TASK GOAL: Output, word for word, the line that contains "Illinois shot up" and all lines following it to the end of the listing. Drop the pictures.

SOURCE MATERIAL:
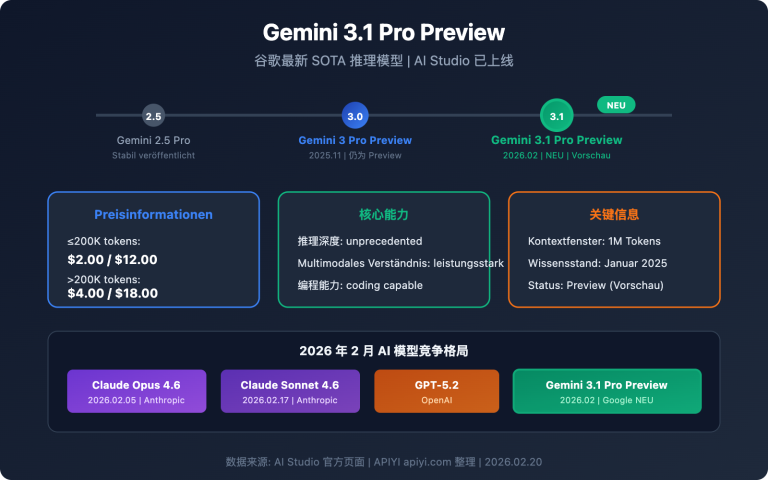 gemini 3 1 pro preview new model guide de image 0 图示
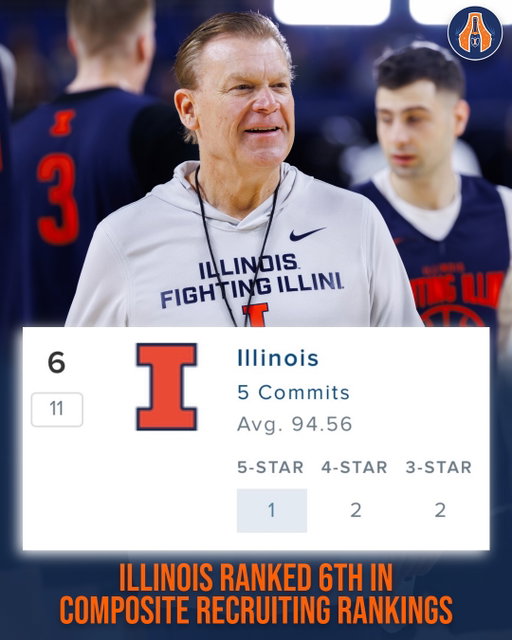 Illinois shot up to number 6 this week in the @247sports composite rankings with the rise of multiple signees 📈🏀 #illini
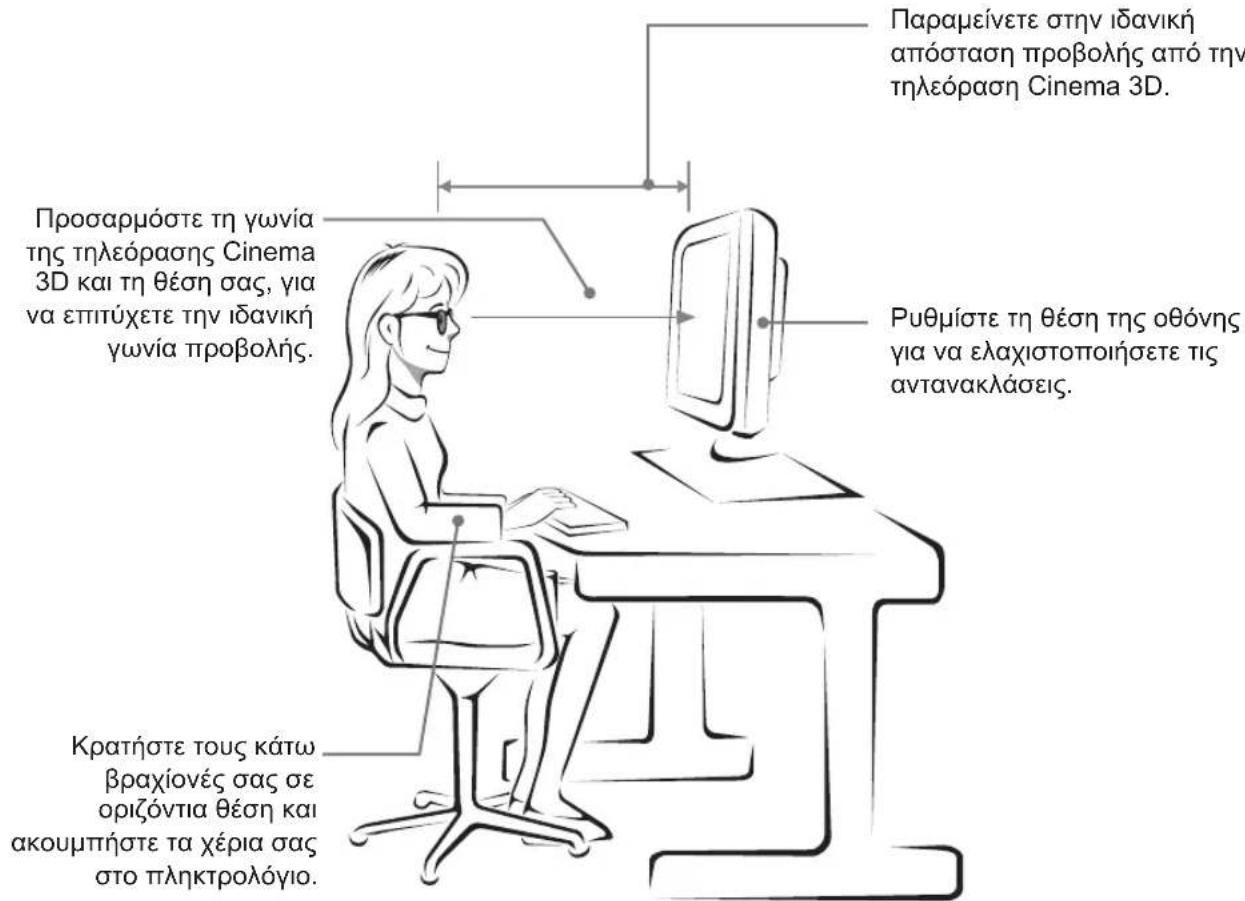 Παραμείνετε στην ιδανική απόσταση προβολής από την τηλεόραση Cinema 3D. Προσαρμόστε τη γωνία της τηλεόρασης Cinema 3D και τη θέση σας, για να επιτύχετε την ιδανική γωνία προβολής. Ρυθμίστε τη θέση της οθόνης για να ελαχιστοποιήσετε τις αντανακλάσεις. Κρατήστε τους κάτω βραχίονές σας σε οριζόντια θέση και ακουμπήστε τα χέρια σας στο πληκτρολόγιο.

EXERCISE OUTPUT:
 Illinois shot up to number 6 this week in the @247sports composite rankings with the rise of multiple signees 📈🏀 #illini
 Παραμείνετε στην ιδανική απόσταση προβολής από την τηλεόραση Cinema 3D. Προσαρμόστε τη γωνία της τηλεόρασης Cinema 3D και τη θέση σας, για να επιτύχετε την ιδανική γωνία προβολής. Ρυθμίστε τη θέση της οθόνης για να ελαχιστοποιήσετε τις αντανακλάσεις. Κρατήστε τους κάτω βραχίονές σας σε οριζόντια θέση και ακουμπήστε τα χέρια σας στο πληκτρολόγιο.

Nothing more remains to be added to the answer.